Global Macro Trading Journal

Quote from ralph00:

They were just trying to create a bounce in the euro to allow banks to unload even more.:p

Exactly ... wait till its over and punt away... such a waste of effort.
 
Quote from Martinghoul:

Part of job description, I'm afraid, achilles... And yes, sure, things are fluid and minds might change, but it's quite interesting that the objections that are put forth by the hawks are of the right sort. Specifically, they are pointing out that the cost/benefit analysis of QE suggests that it's just not worthwhile in a deleveraging economy such as the US. It's interesting how the whole idea of a "balance sheet recession" filters through the establishment.

Martinghoul I value your opinion (thanks for pointing out months ago that JPY might not tank for years), but I am wondering if your views on QE3 have changed in light of Hilsenrath's WSJ piece today?

Also, given you agree that 'things are fluid and minds might change', what kind of unemployment rate (or other economic stat) and stockmarket level would you think that the chances of QE3 increase to 51% or higher?
 
Quote from m22au:

Martinghoul I value your opinion (thanks for pointing out months ago that JPY might not tank for years), but I am wondering if your views on QE3 have changed in light of Hilsenrath's WSJ piece today?

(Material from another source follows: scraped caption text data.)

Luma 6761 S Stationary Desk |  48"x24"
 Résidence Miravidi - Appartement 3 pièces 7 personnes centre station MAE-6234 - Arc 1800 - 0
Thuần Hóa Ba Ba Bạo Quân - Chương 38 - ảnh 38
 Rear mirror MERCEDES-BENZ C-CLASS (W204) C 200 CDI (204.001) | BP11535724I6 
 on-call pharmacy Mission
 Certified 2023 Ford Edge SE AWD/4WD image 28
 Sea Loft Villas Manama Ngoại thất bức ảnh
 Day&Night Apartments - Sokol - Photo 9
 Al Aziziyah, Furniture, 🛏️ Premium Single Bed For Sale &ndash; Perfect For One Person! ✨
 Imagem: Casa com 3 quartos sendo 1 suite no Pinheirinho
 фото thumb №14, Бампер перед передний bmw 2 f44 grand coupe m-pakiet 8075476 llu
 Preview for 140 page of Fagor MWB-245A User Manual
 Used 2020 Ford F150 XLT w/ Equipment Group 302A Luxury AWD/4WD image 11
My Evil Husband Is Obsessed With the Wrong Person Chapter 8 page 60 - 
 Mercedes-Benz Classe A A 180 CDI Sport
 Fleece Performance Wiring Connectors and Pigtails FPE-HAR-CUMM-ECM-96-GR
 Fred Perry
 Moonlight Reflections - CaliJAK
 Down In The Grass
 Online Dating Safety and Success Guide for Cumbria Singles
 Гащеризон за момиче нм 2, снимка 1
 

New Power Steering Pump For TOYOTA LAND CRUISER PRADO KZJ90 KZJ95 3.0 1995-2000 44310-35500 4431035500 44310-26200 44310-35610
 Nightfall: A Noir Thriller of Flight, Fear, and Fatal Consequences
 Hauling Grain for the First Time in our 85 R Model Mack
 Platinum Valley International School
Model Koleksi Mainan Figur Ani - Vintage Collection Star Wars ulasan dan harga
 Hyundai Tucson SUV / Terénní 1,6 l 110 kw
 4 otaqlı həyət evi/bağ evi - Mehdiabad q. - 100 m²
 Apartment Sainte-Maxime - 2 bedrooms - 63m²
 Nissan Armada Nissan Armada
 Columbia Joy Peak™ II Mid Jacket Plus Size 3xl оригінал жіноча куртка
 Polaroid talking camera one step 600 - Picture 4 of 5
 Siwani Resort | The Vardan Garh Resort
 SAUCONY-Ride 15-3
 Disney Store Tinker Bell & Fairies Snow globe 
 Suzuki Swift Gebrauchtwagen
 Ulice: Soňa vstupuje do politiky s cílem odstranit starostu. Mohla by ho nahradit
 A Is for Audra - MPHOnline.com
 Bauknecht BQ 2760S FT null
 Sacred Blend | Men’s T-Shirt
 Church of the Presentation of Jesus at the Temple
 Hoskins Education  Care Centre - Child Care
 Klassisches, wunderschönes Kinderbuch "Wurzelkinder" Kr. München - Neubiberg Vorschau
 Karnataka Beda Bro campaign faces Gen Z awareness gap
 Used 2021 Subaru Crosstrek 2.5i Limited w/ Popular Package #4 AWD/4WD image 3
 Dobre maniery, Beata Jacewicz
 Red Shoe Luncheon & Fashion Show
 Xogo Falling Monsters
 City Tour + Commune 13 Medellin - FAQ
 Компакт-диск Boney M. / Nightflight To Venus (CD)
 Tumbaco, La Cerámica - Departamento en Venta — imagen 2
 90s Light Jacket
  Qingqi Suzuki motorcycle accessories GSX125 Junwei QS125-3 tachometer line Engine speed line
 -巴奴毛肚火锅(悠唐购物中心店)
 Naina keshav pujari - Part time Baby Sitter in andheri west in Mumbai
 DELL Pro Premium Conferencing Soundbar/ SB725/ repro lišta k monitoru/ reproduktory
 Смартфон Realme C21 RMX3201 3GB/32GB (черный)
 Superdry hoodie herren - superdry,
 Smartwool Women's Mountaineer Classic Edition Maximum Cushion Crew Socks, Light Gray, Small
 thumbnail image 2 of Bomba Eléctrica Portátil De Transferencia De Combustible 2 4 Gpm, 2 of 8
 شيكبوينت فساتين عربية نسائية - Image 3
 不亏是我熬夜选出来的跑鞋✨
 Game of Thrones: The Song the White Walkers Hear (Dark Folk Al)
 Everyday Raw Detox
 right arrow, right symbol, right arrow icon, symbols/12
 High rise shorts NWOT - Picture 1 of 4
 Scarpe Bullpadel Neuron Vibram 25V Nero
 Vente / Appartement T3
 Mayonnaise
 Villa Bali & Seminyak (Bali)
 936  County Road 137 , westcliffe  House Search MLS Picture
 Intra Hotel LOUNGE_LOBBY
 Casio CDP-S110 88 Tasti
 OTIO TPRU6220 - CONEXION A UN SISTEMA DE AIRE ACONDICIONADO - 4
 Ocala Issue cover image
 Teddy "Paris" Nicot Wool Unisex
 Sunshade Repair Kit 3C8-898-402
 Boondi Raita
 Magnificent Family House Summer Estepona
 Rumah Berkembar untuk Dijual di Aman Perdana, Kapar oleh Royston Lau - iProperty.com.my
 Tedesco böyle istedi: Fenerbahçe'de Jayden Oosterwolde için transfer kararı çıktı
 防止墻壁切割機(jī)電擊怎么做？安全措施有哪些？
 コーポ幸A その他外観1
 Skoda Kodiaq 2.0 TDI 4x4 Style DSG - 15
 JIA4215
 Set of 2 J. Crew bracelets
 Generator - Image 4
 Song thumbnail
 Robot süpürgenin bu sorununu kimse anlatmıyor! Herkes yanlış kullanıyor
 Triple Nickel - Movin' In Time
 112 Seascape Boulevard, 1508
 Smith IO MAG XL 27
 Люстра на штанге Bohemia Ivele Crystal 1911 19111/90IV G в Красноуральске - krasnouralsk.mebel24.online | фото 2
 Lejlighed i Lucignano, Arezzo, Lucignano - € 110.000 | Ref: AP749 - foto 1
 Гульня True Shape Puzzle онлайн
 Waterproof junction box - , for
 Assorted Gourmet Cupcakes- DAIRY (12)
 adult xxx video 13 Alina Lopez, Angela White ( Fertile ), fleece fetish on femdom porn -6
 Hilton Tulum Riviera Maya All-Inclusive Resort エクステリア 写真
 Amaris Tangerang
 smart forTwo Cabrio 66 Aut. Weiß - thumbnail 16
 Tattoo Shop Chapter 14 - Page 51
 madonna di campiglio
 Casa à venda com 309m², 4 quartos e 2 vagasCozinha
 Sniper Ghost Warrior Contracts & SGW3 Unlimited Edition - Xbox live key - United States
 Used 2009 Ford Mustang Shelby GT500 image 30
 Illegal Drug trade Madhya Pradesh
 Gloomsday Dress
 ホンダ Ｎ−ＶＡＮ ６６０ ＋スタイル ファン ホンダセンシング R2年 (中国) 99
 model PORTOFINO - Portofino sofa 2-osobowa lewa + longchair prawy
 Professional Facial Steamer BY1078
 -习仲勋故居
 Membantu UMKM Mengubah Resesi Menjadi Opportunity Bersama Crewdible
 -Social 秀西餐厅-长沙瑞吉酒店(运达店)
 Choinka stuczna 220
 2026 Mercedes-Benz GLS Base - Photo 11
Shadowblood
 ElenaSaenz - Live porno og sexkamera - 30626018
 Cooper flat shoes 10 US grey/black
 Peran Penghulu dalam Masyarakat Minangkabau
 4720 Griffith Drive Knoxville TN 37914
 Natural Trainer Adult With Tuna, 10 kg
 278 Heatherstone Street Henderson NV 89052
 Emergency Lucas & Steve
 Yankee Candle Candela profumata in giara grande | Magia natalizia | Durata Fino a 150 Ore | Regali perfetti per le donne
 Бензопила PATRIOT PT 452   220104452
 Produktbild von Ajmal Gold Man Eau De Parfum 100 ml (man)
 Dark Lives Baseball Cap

Also, given you agree that 'things are fluid and minds might change', what kind of unemployment rate (or other economic stat) and stockmarket level would you think that the chances of QE3 increase to 51% or higher?


Hi guys, I'm new here but have been following (and enjoying) the thread for quite a while.

If I can intrude into the discussion, I don't think they would implement QE3 as a mere solution to unemployment...QE and QE2 did nothing in terms of this.
In his testimony in front of the congress, Bernanke said clearly that a new QE would be considered in case deflation picks up.
And stockmarket's behaviour is not directly part of Fed's mandate.

Also in order to carry our another QE, I guess they would need quite some cash, which I am not sure they have at the moment.
 
Quote from m22au:
Martinghoul I value your opinion (thanks for pointing out months ago that JPY might not tank for years), but I am wondering if your views on QE3 have changed in light of Hilsenrath's WSJ piece today?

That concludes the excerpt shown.